§ **Work required**:
Below are some records; repeat them all exactly, minus the pictures.

[Image-text web data]
----

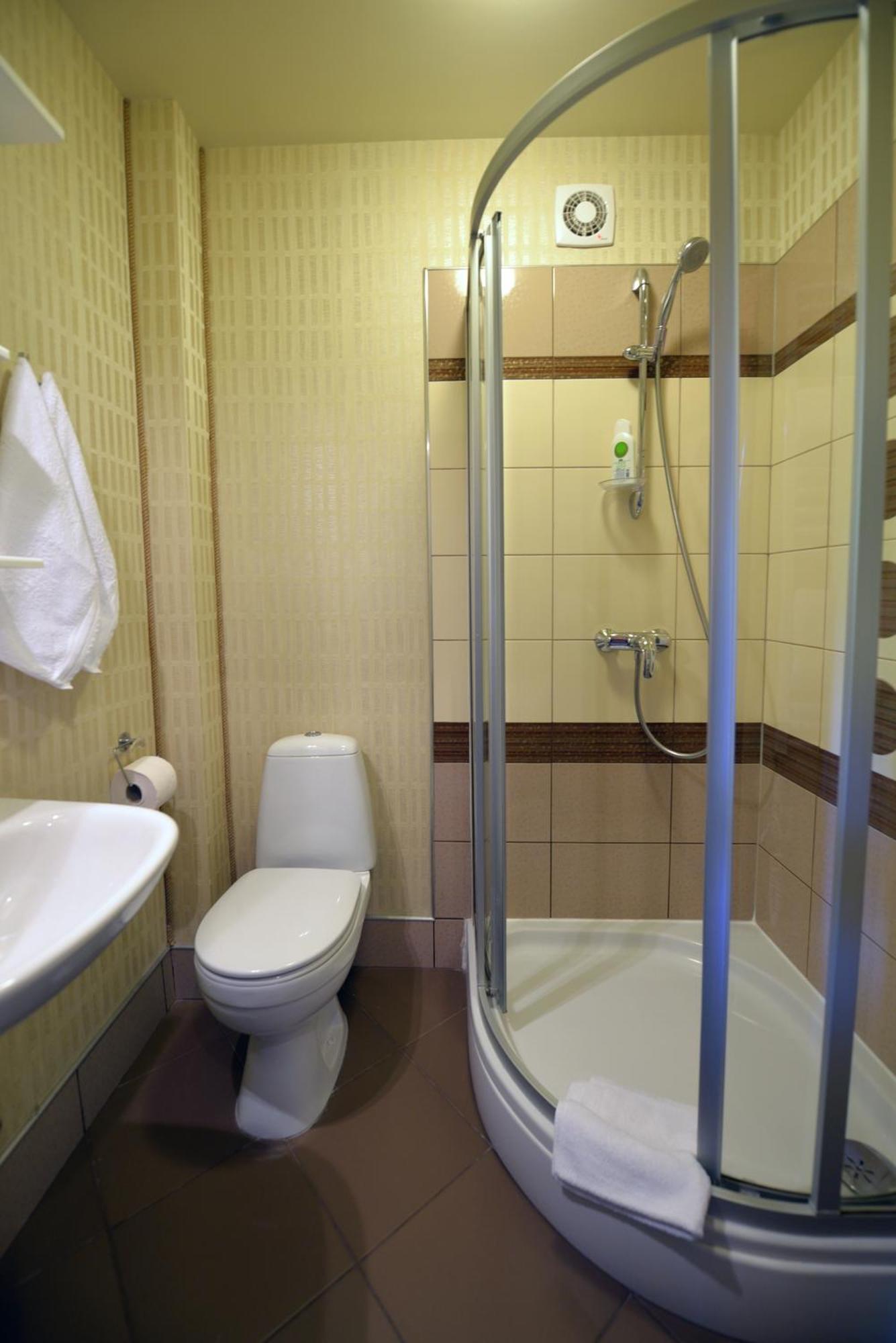 Arciau Juros Villa Паланга Стая снимка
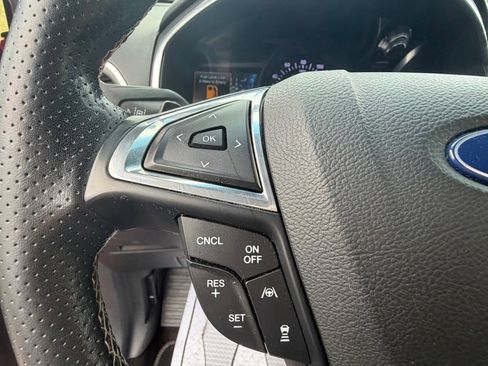 Used 2019 Ford Edge ST w/ Equipment Group 401A AWD/4WD image 39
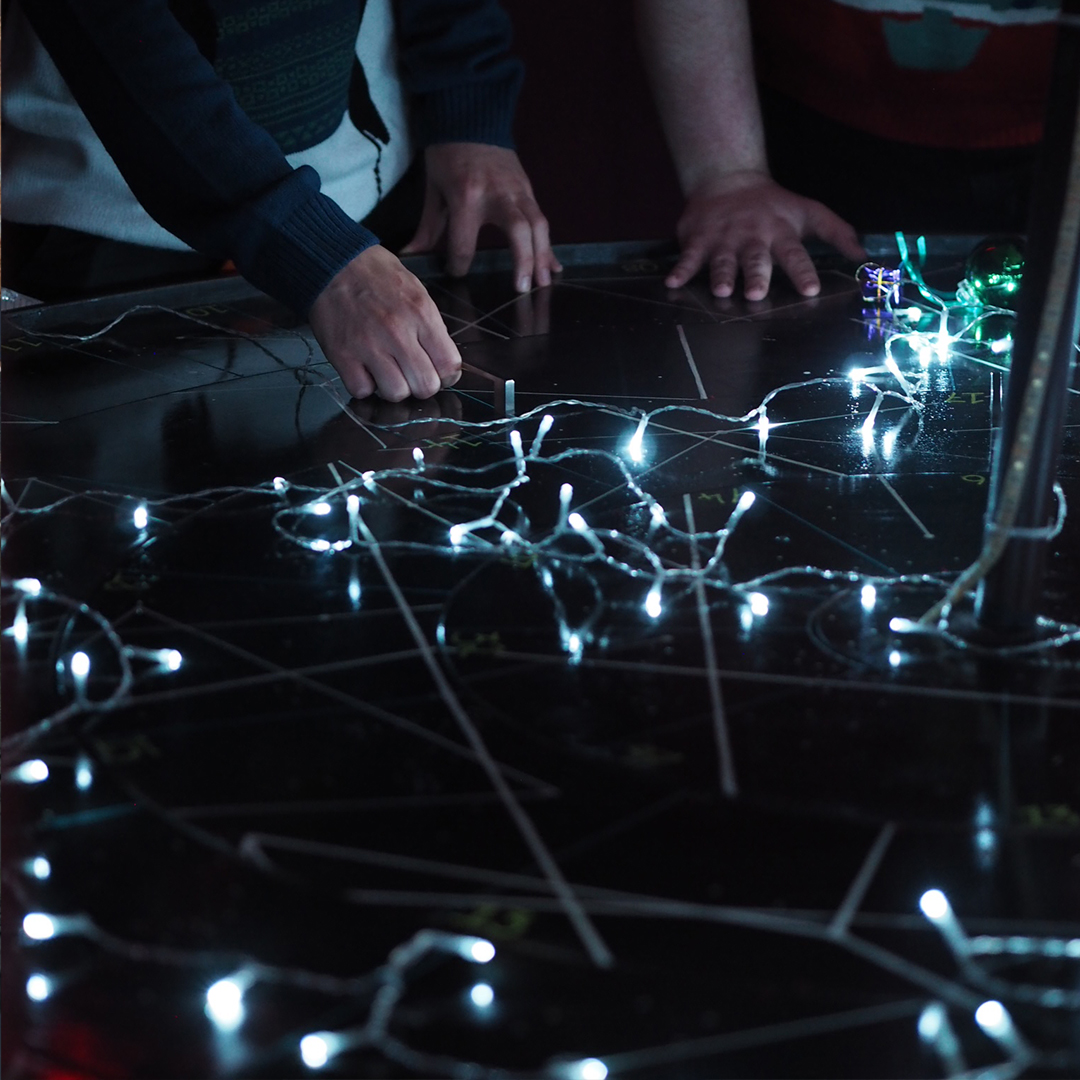 CityMazes's tweet image. The office team party, annual family meet up or a Christmas catch up with friends? City Mazes is the perfect venue for all of your festive celebrations! 🎄#citymazes #escaperoom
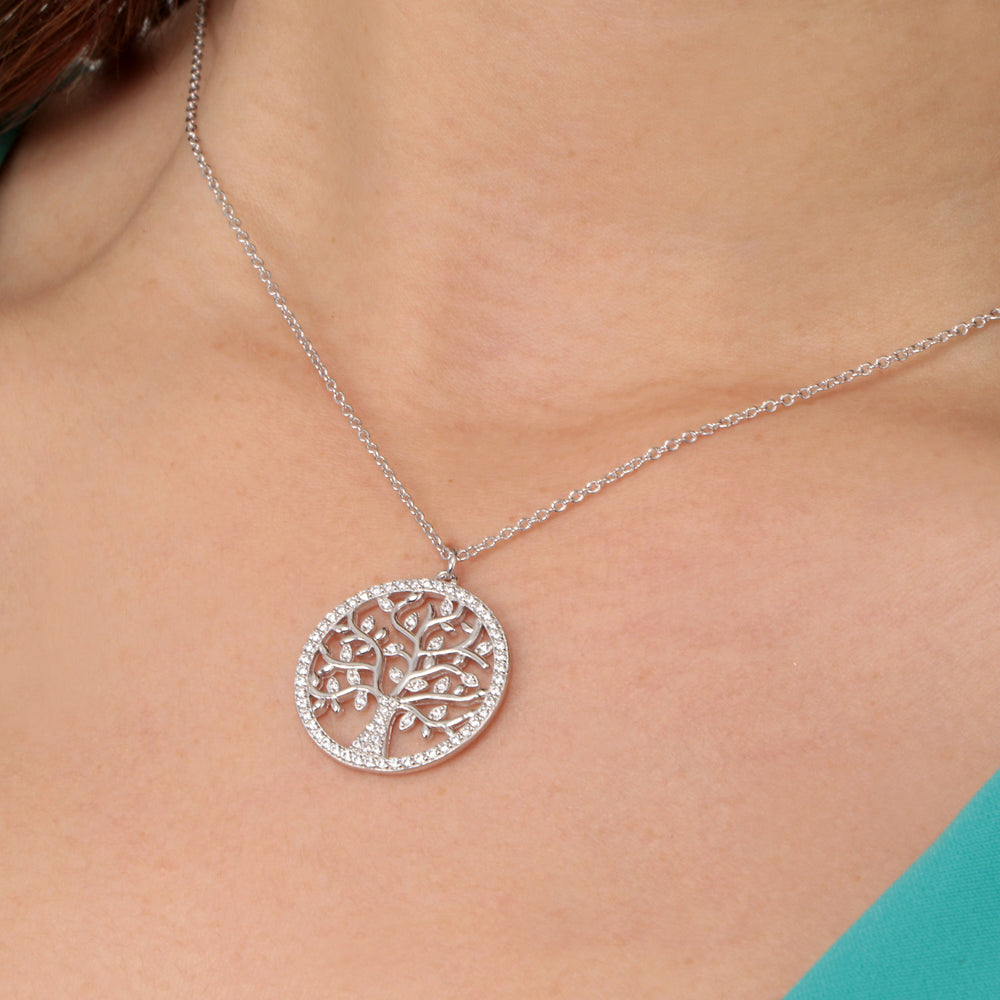 
                  
                    COLLANA DONNA MORELLATO ALBERO DELLA VITA SATB01
                  
                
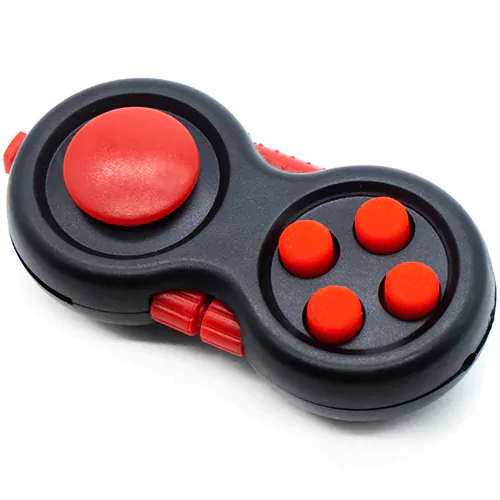 купить антистресс fidget pad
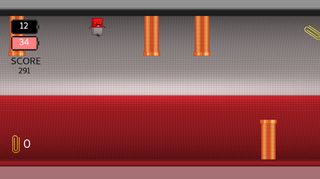 Magnet Jump Pro - Screenshot 2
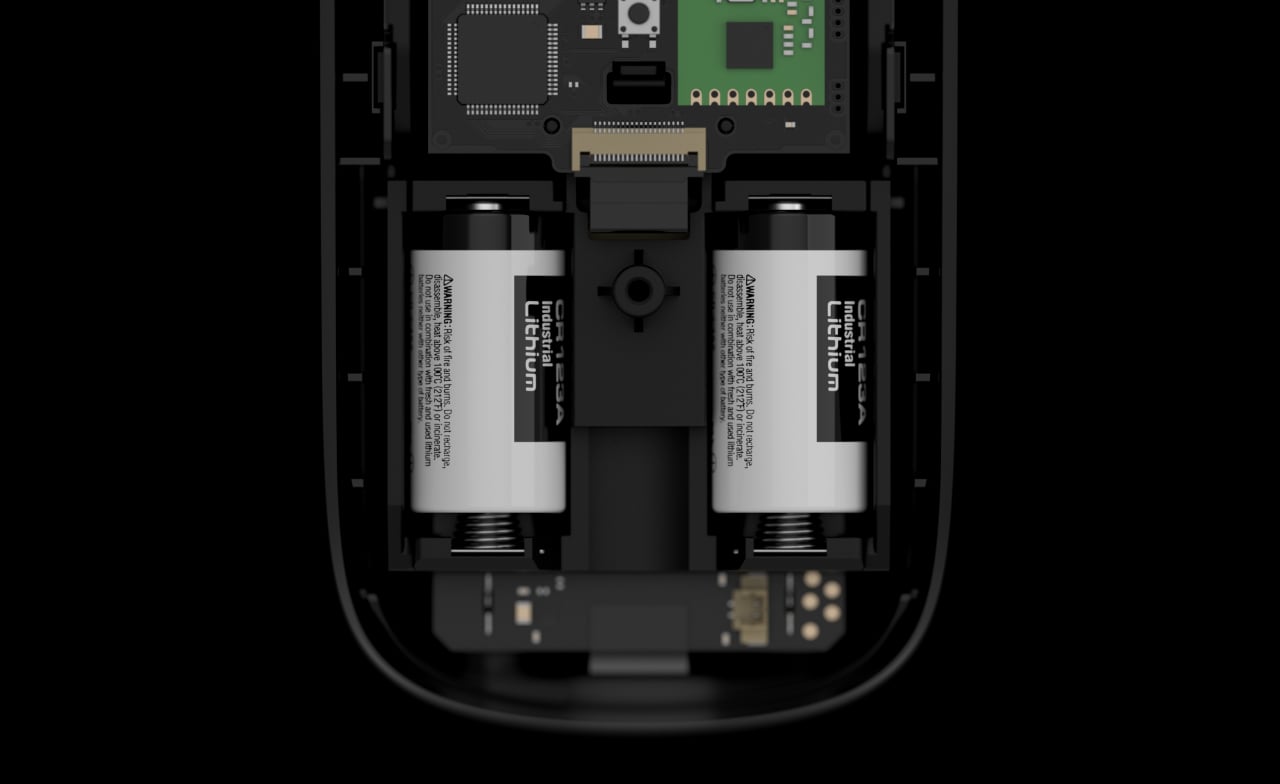Batteries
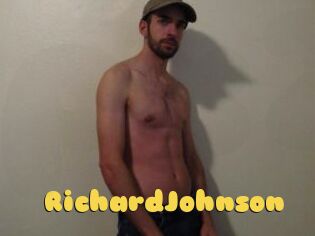 RichardJohnson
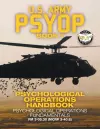 US Army PSYOP Book 1 - Psychological Operations Handbook cover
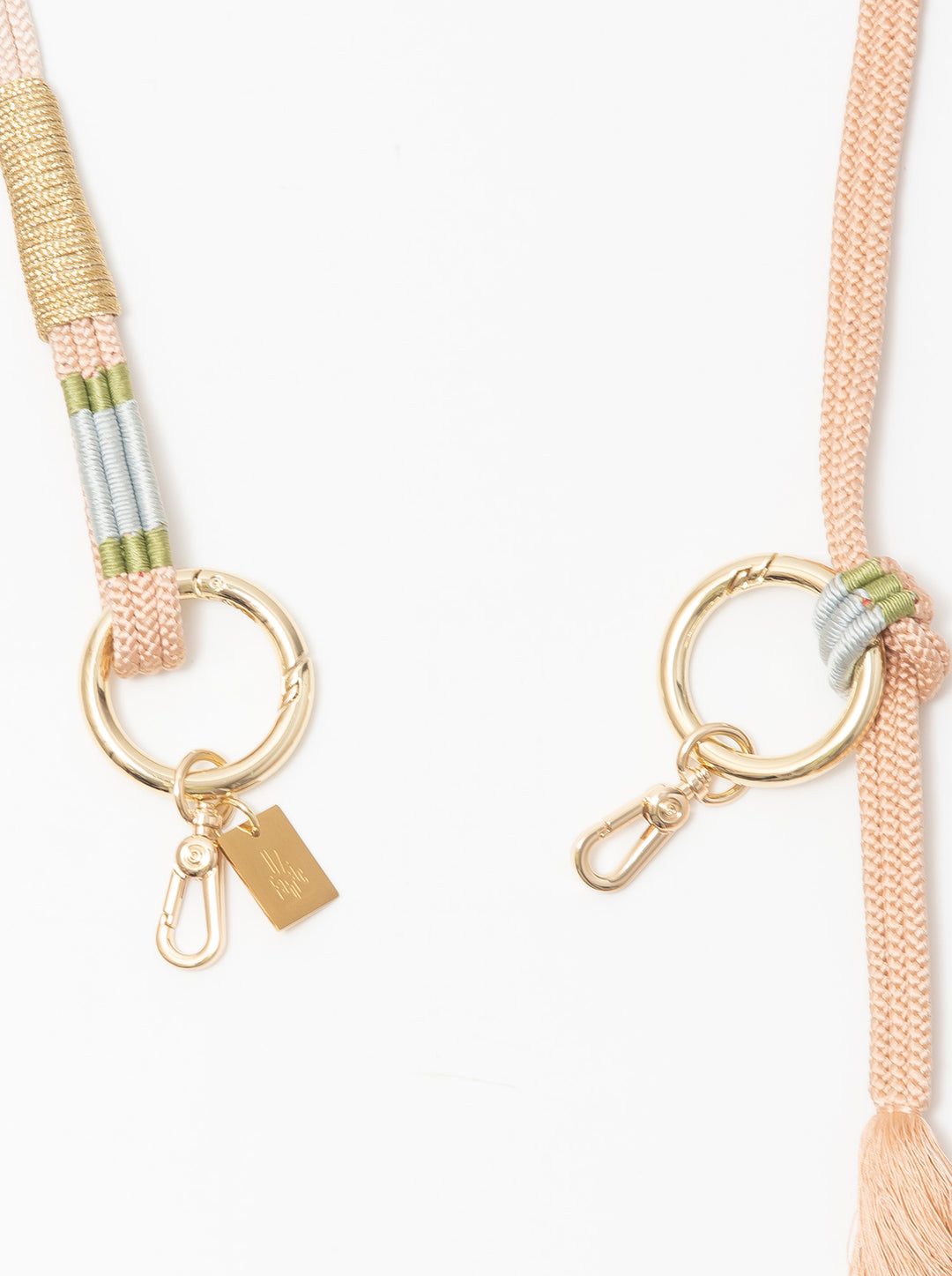 Obijime shoulder strap | SS_22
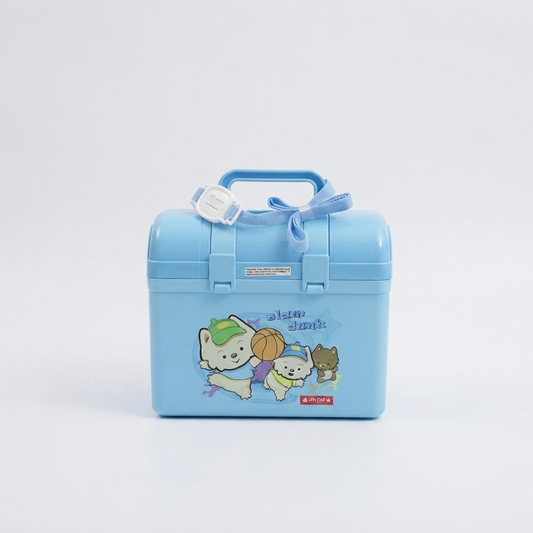 Water+Lunch Box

----

§ **Solution**:
 Arciau Juros Villa Паланга Стая снимка
 Used 2019 Ford Edge ST w/ Equipment Group 401A AWD/4WD image 39
 CityMazes's tweet image. The office team party, annual family meet up or a Christmas catch up with friends? City Mazes is the perfect venue for all of your festive celebrations! 🎄#citymazes #escaperoom
                  
                    COLLANA DONNA MORELLATO ALBERO DELLA VITA SATB01
                  
                
 купить антистресс fidget pad
 Magnet Jump Pro - Screenshot 2
Batteries
 RichardJohnson
 US Army PSYOP Book 1 - Psychological Operations Handbook cover
 Obijime shoulder strap | SS_22
 Water+Lunch Box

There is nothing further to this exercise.